§ Directions for this task
Output must match the records, character for character.

§ Information
=== Section Start ===
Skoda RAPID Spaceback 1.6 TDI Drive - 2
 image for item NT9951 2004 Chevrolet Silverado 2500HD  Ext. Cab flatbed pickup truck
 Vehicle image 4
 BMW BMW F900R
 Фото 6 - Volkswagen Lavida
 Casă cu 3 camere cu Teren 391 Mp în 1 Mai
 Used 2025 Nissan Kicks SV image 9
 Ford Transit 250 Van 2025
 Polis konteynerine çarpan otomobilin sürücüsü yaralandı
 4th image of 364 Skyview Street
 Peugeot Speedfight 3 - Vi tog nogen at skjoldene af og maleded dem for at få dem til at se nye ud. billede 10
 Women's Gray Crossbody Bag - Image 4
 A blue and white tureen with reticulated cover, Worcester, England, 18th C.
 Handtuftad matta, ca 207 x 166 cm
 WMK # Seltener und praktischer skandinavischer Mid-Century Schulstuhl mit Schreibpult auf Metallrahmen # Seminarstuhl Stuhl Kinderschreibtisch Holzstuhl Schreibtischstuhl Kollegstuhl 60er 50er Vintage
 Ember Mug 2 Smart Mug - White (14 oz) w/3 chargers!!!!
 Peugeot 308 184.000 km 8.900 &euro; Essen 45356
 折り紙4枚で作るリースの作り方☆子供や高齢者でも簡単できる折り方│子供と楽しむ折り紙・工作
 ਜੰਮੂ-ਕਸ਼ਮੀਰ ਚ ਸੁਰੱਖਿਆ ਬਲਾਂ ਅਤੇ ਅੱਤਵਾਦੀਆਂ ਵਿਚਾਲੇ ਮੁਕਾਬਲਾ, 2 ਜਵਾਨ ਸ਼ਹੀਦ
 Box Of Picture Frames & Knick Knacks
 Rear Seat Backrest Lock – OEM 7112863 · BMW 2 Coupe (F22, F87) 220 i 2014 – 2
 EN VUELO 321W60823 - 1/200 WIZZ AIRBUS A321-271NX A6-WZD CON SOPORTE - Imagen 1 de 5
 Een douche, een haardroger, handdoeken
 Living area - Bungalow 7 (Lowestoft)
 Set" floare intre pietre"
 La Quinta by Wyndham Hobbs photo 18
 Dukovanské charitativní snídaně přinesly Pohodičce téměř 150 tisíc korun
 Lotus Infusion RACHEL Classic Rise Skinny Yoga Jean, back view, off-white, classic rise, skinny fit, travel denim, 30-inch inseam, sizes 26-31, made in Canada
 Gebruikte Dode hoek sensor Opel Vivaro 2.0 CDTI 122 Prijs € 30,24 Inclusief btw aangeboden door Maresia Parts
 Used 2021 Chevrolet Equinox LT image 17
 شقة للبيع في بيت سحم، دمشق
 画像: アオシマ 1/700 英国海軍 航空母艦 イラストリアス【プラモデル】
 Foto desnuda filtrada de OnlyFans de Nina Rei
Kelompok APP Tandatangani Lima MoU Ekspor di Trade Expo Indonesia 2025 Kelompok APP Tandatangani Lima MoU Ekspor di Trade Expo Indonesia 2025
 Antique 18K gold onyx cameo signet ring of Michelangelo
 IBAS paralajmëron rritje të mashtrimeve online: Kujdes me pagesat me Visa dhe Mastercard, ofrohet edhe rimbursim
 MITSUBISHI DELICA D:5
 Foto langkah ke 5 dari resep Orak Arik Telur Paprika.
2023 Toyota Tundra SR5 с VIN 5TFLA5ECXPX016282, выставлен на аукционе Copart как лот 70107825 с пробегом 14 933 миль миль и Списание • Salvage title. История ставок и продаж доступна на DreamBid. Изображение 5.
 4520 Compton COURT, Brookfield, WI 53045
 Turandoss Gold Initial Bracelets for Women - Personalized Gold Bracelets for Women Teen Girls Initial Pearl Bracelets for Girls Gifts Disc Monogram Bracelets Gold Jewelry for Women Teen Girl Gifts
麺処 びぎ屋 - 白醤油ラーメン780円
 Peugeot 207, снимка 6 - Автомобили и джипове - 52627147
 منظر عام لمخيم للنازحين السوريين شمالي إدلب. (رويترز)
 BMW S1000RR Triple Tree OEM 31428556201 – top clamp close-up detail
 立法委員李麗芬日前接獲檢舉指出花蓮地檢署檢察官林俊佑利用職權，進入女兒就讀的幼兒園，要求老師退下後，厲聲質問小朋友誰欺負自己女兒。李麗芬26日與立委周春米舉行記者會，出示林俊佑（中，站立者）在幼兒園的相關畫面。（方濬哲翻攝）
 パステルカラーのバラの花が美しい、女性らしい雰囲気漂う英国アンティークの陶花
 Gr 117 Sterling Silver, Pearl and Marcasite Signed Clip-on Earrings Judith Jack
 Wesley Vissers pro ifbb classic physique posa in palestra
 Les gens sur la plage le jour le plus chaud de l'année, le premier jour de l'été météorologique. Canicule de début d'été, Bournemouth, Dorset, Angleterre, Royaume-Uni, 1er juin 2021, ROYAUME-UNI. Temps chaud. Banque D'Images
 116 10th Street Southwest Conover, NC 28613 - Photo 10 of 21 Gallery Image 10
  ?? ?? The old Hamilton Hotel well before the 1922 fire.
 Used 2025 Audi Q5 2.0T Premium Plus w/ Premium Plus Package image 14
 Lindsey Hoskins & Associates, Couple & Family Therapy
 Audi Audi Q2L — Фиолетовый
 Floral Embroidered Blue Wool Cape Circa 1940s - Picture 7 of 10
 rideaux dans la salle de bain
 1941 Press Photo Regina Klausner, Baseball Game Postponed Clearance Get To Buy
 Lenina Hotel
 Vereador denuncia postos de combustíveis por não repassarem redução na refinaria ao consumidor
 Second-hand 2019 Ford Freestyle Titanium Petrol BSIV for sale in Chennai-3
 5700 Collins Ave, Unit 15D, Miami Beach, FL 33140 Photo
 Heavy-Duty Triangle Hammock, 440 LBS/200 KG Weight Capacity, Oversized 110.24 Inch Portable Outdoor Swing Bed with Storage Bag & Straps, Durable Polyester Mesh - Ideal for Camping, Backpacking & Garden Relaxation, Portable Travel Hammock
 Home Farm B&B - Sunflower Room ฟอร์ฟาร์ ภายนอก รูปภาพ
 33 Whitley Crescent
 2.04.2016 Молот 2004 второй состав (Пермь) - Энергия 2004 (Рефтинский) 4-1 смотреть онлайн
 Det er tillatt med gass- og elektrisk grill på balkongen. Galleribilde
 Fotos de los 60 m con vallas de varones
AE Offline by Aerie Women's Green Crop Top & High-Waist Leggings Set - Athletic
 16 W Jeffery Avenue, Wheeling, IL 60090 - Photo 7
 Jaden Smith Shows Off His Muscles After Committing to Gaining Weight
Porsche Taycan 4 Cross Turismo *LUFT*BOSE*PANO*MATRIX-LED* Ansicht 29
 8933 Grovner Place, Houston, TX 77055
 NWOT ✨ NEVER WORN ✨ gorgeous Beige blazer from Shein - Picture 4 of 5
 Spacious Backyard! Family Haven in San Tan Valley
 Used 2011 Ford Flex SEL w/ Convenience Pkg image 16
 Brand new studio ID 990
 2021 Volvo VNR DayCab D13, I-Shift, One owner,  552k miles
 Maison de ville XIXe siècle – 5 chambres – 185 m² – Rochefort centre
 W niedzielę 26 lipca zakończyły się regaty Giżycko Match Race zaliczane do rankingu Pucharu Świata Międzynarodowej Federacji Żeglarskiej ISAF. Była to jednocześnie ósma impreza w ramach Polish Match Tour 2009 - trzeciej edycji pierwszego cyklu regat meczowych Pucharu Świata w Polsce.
=== Section End ===
§ Response for this exercise
Skoda RAPID Spaceback 1.6 TDI Drive - 2
 image for item NT9951 2004 Chevrolet Silverado 2500HD  Ext. Cab flatbed pickup truck
 Vehicle image 4
 BMW BMW F900R
 Фото 6 - Volkswagen Lavida
 Casă cu 3 camere cu Teren 391 Mp în 1 Mai
 Used 2025 Nissan Kicks SV image 9
 Ford Transit 250 Van 2025
 Polis konteynerine çarpan otomobilin sürücüsü yaralandı
 4th image of 364 Skyview Street
 Peugeot Speedfight 3 - Vi tog nogen at skjoldene af og maleded dem for at få dem til at se nye ud. billede 10
 Women's Gray Crossbody Bag - Image 4
 A blue and white tureen with reticulated cover, Worcester, England, 18th C.
 Handtuftad matta, ca 207 x 166 cm
 WMK # Seltener und praktischer skandinavischer Mid-Century Schulstuhl mit Schreibpult auf Metallrahmen # Seminarstuhl Stuhl Kinderschreibtisch Holzstuhl Schreibtischstuhl Kollegstuhl 60er 50er Vintage
 Ember Mug 2 Smart Mug - White (14 oz) w/3 chargers!!!!
 Peugeot 308 184.000 km 8.900 &euro; Essen 45356
 折り紙4枚で作るリースの作り方☆子供や高齢者でも簡単できる折り方│子供と楽しむ折り紙・工作
 ਜੰਮੂ-ਕਸ਼ਮੀਰ ਚ ਸੁਰੱਖਿਆ ਬਲਾਂ ਅਤੇ ਅੱਤਵਾਦੀਆਂ ਵਿਚਾਲੇ ਮੁਕਾਬਲਾ, 2 ਜਵਾਨ ਸ਼ਹੀਦ
 Box Of Picture Frames & Knick Knacks
 Rear Seat Backrest Lock – OEM 7112863 · BMW 2 Coupe (F22, F87) 220 i 2014 – 2
 EN VUELO 321W60823 - 1/200 WIZZ AIRBUS A321-271NX A6-WZD CON SOPORTE - Imagen 1 de 5
 Een douche, een haardroger, handdoeken
 Living area - Bungalow 7 (Lowestoft)
 Set" floare intre pietre"
 La Quinta by Wyndham Hobbs photo 18
 Dukovanské charitativní snídaně přinesly Pohodičce téměř 150 tisíc korun
 Lotus Infusion RACHEL Classic Rise Skinny Yoga Jean, back view, off-white, classic rise, skinny fit, travel denim, 30-inch inseam, sizes 26-31, made in Canada
 Gebruikte Dode hoek sensor Opel Vivaro 2.0 CDTI 122 Prijs € 30,24 Inclusief btw aangeboden door Maresia Parts
 Used 2021 Chevrolet Equinox LT image 17
 شقة للبيع في بيت سحم، دمشق
 画像: アオシマ 1/700 英国海軍 航空母艦 イラストリアス【プラモデル】
 Foto desnuda filtrada de OnlyFans de Nina Rei
Kelompok APP Tandatangani Lima MoU Ekspor di Trade Expo Indonesia 2025 Kelompok APP Tandatangani Lima MoU Ekspor di Trade Expo Indonesia 2025
 Antique 18K gold onyx cameo signet ring of Michelangelo
 IBAS paralajmëron rritje të mashtrimeve online: Kujdes me pagesat me Visa dhe Mastercard, ofrohet edhe rimbursim
 MITSUBISHI DELICA D:5
 Foto langkah ke 5 dari resep Orak Arik Telur Paprika.
2023 Toyota Tundra SR5 с VIN 5TFLA5ECXPX016282, выставлен на аукционе Copart как лот 70107825 с пробегом 14 933 миль миль и Списание • Salvage title. История ставок и продаж доступна на DreamBid. Изображение 5.
 4520 Compton COURT, Brookfield, WI 53045
 Turandoss Gold Initial Bracelets for Women - Personalized Gold Bracelets for Women Teen Girls Initial Pearl Bracelets for Girls Gifts Disc Monogram Bracelets Gold Jewelry for Women Teen Girl Gifts
麺処 びぎ屋 - 白醤油ラーメン780円
 Peugeot 207, снимка 6 - Автомобили и джипове - 52627147
 منظر عام لمخيم للنازحين السوريين شمالي إدلب. (رويترز)
 BMW S1000RR Triple Tree OEM 31428556201 – top clamp close-up detail
 立法委員李麗芬日前接獲檢舉指出花蓮地檢署檢察官林俊佑利用職權，進入女兒就讀的幼兒園，要求老師退下後，厲聲質問小朋友誰欺負自己女兒。李麗芬26日與立委周春米舉行記者會，出示林俊佑（中，站立者）在幼兒園的相關畫面。（方濬哲翻攝）
 パステルカラーのバラの花が美しい、女性らしい雰囲気漂う英国アンティークの陶花
 Gr 117 Sterling Silver, Pearl and Marcasite Signed Clip-on Earrings Judith Jack
 Wesley Vissers pro ifbb classic physique posa in palestra
 Les gens sur la plage le jour le plus chaud de l'année, le premier jour de l'été météorologique. Canicule de début d'été, Bournemouth, Dorset, Angleterre, Royaume-Uni, 1er juin 2021, ROYAUME-UNI. Temps chaud. Banque D'Images
 116 10th Street Southwest Conover, NC 28613 - Photo 10 of 21 Gallery Image 10
  ?? ?? The old Hamilton Hotel well before the 1922 fire.
 Used 2025 Audi Q5 2.0T Premium Plus w/ Premium Plus Package image 14
 Lindsey Hoskins & Associates, Couple & Family Therapy
 Audi Audi Q2L — Фиолетовый
 Floral Embroidered Blue Wool Cape Circa 1940s - Picture 7 of 10
 rideaux dans la salle de bain
 1941 Press Photo Regina Klausner, Baseball Game Postponed Clearance Get To Buy
 Lenina Hotel
 Vereador denuncia postos de combustíveis por não repassarem redução na refinaria ao consumidor
 Second-hand 2019 Ford Freestyle Titanium Petrol BSIV for sale in Chennai-3
 5700 Collins Ave, Unit 15D, Miami Beach, FL 33140 Photo
 Heavy-Duty Triangle Hammock, 440 LBS/200 KG Weight Capacity, Oversized 110.24 Inch Portable Outdoor Swing Bed with Storage Bag & Straps, Durable Polyester Mesh - Ideal for Camping, Backpacking & Garden Relaxation, Portable Travel Hammock
 Home Farm B&B - Sunflower Room ฟอร์ฟาร์ ภายนอก รูปภาพ
 33 Whitley Crescent
 2.04.2016 Молот 2004 второй состав (Пермь) - Энергия 2004 (Рефтинский) 4-1 смотреть онлайн
 Det er tillatt med gass- og elektrisk grill på balkongen. Galleribilde
 Fotos de los 60 m con vallas de varones
AE Offline by Aerie Women's Green Crop Top & High-Waist Leggings Set - Athletic
 16 W Jeffery Avenue, Wheeling, IL 60090 - Photo 7
 Jaden Smith Shows Off His Muscles After Committing to Gaining Weight
Porsche Taycan 4 Cross Turismo *LUFT*BOSE*PANO*MATRIX-LED* Ansicht 29
 8933 Grovner Place, Houston, TX 77055
 NWOT ✨ NEVER WORN ✨ gorgeous Beige blazer from Shein - Picture 4 of 5
 Spacious Backyard! Family Haven in San Tan Valley
 Used 2011 Ford Flex SEL w/ Convenience Pkg image 16
 Brand new studio ID 990
 2021 Volvo VNR DayCab D13, I-Shift, One owner,  552k miles
 Maison de ville XIXe siècle – 5 chambres – 185 m² – Rochefort centre
 W niedzielę 26 lipca zakończyły się regaty Giżycko Match Race zaliczane do rankingu Pucharu Świata Międzynarodowej Federacji Żeglarskiej ISAF. Była to jednocześnie ósma impreza w ramach Polish Match Tour 2009 - trzeciej edycji pierwszego cyklu regat meczowych Pucharu Świata w Polsce.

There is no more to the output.